The Hinge Factor : How Chance and Stupidity Have Changed History Paperback
From the wooden horse of Troy to the Gulf War, military history has been as much marked by chance and error, as by gallantry and heroism. Many conflicts have been decided by the caprice of weather, bad intelligence, heroism where it wasn't expected, or individual incompetence. In military terms, the incident which can swing a battle from victory to defeat in a moment is known as the Hinge Factor.
The Hinge Factor vividly describes battles which demonstrate this phenomenon - including the circumstances behind the loss of the Holy Cross, through to the attack of African war bees in 1914, to Star-War weaponry described in the Gulf War.
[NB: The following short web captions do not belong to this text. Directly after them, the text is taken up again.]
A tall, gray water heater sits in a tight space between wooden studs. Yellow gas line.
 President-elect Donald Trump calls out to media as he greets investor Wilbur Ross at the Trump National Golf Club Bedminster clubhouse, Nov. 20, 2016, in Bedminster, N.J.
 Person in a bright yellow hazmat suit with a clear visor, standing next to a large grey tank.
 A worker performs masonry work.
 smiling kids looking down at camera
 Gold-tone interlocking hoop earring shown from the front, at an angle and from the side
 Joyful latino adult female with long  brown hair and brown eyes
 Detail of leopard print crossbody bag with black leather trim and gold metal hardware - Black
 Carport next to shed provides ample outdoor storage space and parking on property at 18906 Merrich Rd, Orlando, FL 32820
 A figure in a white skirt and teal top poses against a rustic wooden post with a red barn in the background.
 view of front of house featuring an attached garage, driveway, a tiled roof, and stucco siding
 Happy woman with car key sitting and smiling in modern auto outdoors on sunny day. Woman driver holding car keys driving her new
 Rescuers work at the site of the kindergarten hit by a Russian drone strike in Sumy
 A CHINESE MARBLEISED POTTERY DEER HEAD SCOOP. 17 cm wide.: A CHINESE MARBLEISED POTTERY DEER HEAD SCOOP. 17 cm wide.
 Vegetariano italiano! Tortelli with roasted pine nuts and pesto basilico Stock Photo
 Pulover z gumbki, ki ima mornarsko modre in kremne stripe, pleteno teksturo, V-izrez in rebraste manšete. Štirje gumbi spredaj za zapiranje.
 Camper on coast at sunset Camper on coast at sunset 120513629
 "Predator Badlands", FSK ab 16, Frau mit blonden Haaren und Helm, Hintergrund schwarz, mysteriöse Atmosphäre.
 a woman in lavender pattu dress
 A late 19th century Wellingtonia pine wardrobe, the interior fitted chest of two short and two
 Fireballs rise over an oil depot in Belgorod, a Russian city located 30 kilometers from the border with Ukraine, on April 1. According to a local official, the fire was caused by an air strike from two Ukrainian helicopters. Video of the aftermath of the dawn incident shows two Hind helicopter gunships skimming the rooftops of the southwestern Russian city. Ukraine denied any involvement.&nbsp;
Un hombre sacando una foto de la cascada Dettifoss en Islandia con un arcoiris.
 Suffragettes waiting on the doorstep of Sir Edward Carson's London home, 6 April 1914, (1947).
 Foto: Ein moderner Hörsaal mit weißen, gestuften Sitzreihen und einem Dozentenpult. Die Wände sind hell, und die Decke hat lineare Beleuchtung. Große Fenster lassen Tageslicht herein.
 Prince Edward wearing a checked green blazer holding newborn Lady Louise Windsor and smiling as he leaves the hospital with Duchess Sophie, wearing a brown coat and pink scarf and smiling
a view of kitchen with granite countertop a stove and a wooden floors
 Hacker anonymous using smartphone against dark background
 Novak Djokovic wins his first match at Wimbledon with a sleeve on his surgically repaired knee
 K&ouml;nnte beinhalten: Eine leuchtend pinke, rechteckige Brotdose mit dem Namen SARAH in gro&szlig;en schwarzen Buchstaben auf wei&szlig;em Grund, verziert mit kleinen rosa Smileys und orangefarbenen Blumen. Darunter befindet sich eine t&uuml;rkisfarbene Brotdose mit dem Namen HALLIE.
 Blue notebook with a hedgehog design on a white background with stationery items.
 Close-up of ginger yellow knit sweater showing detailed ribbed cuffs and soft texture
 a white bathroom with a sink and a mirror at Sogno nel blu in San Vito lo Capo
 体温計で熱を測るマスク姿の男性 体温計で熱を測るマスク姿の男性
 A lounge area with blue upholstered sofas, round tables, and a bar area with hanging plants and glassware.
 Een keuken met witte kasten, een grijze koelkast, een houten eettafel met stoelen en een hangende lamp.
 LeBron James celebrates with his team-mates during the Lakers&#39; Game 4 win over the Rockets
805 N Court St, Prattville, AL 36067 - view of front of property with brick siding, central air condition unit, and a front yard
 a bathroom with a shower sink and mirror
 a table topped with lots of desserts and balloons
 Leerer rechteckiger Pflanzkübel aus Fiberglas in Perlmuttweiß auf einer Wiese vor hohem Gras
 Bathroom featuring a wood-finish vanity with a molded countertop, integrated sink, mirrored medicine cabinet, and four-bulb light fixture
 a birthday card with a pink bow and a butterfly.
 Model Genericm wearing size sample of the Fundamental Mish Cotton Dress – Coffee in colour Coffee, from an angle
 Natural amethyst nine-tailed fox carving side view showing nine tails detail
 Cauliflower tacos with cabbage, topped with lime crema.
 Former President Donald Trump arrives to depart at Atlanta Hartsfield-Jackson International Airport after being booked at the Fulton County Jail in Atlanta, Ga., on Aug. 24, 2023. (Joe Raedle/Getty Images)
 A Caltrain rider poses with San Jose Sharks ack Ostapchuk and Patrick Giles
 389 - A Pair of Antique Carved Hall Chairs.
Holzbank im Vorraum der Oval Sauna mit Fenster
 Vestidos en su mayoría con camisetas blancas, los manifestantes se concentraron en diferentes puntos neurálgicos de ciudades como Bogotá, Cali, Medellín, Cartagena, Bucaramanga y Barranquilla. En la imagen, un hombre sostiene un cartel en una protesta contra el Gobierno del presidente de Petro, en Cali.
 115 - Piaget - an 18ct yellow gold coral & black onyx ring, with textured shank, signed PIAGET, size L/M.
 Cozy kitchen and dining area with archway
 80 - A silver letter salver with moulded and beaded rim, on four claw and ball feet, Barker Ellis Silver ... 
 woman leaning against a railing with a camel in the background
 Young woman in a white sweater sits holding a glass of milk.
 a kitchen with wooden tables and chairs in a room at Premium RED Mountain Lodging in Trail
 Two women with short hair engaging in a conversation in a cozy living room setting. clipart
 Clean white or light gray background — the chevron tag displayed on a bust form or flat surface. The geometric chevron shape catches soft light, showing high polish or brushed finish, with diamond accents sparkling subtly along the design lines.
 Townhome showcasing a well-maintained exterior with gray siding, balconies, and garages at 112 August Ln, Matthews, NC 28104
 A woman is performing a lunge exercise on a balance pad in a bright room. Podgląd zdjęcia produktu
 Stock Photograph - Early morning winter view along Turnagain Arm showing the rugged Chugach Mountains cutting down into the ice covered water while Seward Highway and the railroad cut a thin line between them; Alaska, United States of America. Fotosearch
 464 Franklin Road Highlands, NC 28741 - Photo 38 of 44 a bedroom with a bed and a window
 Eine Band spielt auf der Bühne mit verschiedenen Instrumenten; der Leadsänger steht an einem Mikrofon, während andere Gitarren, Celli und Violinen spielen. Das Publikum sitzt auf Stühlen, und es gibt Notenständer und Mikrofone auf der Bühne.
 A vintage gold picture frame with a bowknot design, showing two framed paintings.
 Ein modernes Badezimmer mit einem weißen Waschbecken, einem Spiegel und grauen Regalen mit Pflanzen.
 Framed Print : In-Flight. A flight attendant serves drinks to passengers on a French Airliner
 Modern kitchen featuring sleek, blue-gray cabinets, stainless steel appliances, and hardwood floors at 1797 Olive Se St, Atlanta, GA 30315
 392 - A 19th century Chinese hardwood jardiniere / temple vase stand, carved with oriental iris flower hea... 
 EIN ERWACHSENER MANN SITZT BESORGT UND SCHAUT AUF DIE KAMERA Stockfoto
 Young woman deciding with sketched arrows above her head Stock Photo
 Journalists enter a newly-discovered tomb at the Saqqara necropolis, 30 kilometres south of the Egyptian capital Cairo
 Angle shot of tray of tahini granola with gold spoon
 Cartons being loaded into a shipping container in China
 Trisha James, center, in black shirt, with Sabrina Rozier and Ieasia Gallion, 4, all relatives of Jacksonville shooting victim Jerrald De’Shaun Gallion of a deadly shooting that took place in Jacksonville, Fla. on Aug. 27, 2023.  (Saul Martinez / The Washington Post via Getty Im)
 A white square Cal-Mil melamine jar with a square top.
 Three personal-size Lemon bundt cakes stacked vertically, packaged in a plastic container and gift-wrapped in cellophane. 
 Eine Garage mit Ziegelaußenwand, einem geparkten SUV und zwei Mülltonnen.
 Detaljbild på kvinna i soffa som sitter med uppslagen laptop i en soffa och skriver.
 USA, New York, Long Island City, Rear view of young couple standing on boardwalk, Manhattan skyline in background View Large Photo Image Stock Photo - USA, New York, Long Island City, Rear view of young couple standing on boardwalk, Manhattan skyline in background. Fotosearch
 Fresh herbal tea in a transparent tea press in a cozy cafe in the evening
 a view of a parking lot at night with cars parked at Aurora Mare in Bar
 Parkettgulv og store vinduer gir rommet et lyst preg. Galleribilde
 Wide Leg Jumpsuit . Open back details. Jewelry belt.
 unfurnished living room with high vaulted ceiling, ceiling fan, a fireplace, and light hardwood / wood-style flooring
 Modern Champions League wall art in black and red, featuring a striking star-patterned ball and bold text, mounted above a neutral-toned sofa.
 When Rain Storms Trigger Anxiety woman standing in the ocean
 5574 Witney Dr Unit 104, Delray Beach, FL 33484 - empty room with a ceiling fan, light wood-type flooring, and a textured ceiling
This enthralling book demystifies the general belief that battles are always won due to the brilliance of a general and will both inform and entertain a wide audience.
- Format: Paperback
- Pages: 416 pages, b&w integrated
- Publisher: Hodder & Stoughton General Division
- Publication Date: 07/10/1999
- Category: Military history
- ISBN: 9780340728307
Showing 1 - 3 of 3 reviews.
Review by wyvernfriend
Exactly what it says, a non-fiction book about how sometimes luck has played a part in major battles and events. It's interesting to see how sometimes it is one person who can change fate and history.
Review by AnnaOok
I didn't read all of this book: mostly I only skimmed it, because I didn't like it.Firstly, I didn't realize it was *only* about military history -- which I'm not madly interested in. Most importantly though, it contains a lot of unnecessary dramatization (that is, words put into historical characters' mouths) which confuses the issue as it's never clear what is from some reliable source and what is just made up. This really annoys me in a book about history, and I think it's very bad practice, so I feel justified in slamming the book despite having only skimmed through it.
Review by Sandydog1
A great premise and a great selection of battles and major conflicts (but mostly battles; 4 1/2 stars). Crude, horribly confusing battle maps and awkward, disjointed prose. You'll get so much more from the better-written maps and articles from Wikipedia (1 star). Phony, contrived historical fiction dialogs that reminded me of those very early and poorly-funded days of the History Channel. (Remember when they'd show Pickett's Charge consisting of 6 portly 50-something re-enactors, bumbling over a split wood fence? And, they'd show some guy with a "Santy Clause" beard and gray uniform and call him General Lee? The narrative reminds me of those kind of production values - 1 1/2 stars.). Interesting obscure battles such as Tanga (1914) and interesting treatments of more well known events such as Tet. the Berlin Wall and Desert Storm (3 1/2 stars). Cryptic but interesting Bibliography (3 stars). All in all, a big amalgam of starry ambivalence.